## Provided material
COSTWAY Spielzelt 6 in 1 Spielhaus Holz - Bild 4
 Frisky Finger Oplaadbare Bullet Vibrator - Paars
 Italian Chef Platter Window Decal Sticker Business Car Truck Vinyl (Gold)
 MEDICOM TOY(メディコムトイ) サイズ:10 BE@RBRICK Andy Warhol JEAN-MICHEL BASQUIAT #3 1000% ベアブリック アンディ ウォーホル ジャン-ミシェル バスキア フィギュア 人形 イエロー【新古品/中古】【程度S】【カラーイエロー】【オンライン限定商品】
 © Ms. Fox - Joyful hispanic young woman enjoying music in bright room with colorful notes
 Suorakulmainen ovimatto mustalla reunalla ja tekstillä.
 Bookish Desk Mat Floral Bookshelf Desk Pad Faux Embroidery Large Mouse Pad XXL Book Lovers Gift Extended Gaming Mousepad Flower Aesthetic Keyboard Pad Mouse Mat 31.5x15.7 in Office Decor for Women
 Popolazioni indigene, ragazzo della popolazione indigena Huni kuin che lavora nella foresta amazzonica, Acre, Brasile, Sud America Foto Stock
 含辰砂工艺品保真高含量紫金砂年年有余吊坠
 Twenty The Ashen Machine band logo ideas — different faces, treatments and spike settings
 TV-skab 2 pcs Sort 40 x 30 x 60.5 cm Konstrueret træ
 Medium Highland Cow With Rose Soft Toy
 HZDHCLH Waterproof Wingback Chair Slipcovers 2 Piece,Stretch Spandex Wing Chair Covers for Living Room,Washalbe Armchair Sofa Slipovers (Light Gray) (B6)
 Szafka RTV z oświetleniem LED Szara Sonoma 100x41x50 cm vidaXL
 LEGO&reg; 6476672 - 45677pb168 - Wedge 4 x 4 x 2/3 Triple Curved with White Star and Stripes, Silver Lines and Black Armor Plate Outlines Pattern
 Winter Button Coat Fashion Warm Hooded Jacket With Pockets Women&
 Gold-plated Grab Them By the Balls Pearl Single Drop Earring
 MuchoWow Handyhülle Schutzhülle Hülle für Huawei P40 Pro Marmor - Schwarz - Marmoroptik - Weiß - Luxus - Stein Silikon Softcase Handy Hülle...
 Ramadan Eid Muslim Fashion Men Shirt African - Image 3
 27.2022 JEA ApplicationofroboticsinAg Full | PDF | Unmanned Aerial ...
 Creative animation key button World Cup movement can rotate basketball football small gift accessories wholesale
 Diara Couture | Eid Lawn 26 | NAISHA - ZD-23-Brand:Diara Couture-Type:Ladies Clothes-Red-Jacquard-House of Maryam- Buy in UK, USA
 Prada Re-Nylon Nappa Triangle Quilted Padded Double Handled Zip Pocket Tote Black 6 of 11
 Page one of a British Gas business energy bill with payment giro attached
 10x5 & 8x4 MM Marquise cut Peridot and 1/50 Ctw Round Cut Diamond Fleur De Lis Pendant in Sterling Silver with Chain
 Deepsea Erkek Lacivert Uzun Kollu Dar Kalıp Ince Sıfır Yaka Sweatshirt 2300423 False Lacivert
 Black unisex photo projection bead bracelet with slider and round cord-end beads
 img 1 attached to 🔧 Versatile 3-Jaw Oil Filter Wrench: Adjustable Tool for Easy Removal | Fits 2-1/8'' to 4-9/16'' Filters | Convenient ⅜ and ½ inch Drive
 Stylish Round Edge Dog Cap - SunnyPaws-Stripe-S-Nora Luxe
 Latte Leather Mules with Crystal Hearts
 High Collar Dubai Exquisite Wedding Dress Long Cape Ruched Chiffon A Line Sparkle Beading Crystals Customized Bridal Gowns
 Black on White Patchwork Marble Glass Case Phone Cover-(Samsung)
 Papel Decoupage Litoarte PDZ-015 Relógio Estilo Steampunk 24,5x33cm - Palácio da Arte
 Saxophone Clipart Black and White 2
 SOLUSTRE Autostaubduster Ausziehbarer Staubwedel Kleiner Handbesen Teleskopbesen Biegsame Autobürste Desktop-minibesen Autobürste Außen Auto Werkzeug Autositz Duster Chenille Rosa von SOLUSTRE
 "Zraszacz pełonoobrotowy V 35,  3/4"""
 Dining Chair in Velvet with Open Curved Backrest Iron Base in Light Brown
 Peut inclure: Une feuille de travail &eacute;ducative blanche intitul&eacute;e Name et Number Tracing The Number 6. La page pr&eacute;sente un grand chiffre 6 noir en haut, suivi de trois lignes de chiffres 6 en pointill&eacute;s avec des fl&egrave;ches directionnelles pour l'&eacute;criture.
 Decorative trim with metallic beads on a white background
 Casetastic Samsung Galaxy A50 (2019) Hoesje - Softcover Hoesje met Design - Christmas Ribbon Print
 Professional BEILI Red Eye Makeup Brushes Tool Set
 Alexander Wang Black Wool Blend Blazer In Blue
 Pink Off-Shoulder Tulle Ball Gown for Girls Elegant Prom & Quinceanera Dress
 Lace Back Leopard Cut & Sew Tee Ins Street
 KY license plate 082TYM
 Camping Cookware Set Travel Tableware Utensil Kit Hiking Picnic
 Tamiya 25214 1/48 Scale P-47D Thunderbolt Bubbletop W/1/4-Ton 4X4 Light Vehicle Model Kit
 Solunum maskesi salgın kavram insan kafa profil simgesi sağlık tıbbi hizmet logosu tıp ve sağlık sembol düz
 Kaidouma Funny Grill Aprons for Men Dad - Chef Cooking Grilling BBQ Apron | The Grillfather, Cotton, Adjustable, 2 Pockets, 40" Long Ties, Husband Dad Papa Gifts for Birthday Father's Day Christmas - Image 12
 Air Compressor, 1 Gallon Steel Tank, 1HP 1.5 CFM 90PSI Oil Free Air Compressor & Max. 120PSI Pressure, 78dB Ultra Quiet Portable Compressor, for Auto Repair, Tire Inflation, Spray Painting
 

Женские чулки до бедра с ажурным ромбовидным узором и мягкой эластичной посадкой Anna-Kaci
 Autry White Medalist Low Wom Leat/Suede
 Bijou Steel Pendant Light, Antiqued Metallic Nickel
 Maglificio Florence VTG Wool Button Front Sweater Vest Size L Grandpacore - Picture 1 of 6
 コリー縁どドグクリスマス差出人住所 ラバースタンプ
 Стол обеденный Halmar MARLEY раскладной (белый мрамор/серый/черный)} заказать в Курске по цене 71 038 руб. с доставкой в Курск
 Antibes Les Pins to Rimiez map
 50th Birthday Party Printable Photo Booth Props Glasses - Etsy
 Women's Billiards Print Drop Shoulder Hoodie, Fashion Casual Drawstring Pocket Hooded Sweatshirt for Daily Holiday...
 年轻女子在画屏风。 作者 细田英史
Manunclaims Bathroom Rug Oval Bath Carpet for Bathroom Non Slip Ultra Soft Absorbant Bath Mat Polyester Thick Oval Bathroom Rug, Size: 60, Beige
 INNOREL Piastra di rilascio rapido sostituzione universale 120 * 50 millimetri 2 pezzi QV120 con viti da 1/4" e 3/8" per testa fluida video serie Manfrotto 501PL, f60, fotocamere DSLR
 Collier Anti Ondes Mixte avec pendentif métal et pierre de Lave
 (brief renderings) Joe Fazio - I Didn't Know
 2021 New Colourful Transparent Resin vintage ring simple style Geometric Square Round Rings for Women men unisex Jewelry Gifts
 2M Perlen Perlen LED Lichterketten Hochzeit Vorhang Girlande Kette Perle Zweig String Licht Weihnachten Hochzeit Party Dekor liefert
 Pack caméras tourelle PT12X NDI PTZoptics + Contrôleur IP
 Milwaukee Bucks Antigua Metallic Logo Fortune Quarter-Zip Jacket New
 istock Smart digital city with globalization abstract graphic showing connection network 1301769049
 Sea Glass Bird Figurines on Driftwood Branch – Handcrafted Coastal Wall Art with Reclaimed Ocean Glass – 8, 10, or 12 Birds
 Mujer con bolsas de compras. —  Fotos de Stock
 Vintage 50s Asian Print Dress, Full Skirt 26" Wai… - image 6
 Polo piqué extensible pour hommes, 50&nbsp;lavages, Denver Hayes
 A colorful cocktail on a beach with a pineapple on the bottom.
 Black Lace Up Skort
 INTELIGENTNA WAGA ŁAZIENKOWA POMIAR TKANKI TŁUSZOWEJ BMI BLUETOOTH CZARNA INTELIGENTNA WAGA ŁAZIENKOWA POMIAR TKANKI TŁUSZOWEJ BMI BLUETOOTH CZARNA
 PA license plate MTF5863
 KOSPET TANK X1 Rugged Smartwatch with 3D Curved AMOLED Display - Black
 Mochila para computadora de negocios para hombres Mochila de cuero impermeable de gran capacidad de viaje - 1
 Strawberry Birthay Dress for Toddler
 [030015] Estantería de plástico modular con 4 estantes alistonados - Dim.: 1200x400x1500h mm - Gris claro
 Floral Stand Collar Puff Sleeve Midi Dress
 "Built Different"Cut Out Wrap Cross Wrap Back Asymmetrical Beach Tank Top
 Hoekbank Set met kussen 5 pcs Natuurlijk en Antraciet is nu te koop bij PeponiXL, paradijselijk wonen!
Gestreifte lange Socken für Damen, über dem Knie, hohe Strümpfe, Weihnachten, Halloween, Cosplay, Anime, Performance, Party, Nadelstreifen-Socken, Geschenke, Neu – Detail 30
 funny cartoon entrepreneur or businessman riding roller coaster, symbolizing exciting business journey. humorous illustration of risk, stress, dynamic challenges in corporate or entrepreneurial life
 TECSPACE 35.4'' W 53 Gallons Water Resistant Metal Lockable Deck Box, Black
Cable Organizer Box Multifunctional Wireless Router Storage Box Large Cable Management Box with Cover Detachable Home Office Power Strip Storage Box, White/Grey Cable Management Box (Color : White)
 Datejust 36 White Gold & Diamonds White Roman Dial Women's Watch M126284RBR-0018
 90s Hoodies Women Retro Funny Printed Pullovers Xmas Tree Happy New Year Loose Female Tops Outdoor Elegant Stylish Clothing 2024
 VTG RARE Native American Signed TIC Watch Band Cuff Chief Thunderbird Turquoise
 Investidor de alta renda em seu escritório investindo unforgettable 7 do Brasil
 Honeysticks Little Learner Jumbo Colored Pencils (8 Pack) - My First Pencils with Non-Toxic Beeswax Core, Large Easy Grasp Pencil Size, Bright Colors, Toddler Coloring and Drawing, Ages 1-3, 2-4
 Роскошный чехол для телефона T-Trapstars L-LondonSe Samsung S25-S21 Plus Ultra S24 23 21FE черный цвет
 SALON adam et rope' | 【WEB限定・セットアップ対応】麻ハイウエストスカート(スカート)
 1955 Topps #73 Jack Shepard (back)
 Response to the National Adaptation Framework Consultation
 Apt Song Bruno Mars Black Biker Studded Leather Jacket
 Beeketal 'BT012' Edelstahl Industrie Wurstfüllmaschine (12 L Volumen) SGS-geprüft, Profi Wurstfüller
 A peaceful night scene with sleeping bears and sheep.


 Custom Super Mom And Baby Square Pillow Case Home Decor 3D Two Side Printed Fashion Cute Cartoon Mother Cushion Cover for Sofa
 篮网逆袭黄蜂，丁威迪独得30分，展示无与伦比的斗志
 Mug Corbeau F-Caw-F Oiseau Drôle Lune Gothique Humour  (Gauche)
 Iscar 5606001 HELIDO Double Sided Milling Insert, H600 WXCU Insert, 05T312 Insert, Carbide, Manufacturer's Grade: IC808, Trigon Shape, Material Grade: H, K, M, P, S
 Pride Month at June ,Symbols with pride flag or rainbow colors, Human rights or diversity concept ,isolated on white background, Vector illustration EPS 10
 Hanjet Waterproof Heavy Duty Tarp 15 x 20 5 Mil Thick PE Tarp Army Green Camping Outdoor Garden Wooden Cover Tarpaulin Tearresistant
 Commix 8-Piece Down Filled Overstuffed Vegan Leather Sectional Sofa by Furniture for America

## What to do
An exact copy of the lines above, from the one containing "Frisky Finger Oplaadbare" through the one containing "Bookish Desk Mat", is the whole of the answer.

## Exercise solution
 Frisky Finger Oplaadbare Bullet Vibrator - Paars
 Italian Chef Platter Window Decal Sticker Business Car Truck Vinyl (Gold)
 MEDICOM TOY(メディコムトイ) サイズ:10 BE@RBRICK Andy Warhol JEAN-MICHEL BASQUIAT #3 1000% ベアブリック アンディ ウォーホル ジャン-ミシェル バスキア フィギュア 人形 イエロー【新古品/中古】【程度S】【カラーイエロー】【オンライン限定商品】
 © Ms. Fox - Joyful hispanic young woman enjoying music in bright room with colorful notes
 Suorakulmainen ovimatto mustalla reunalla ja tekstillä.
 Bookish Desk Mat Floral Bookshelf Desk Pad Faux Embroidery Large Mouse Pad XXL Book Lovers Gift Extended Gaming Mousepad Flower Aesthetic Keyboard Pad Mouse Mat 31.5x15.7 in Office Decor for Women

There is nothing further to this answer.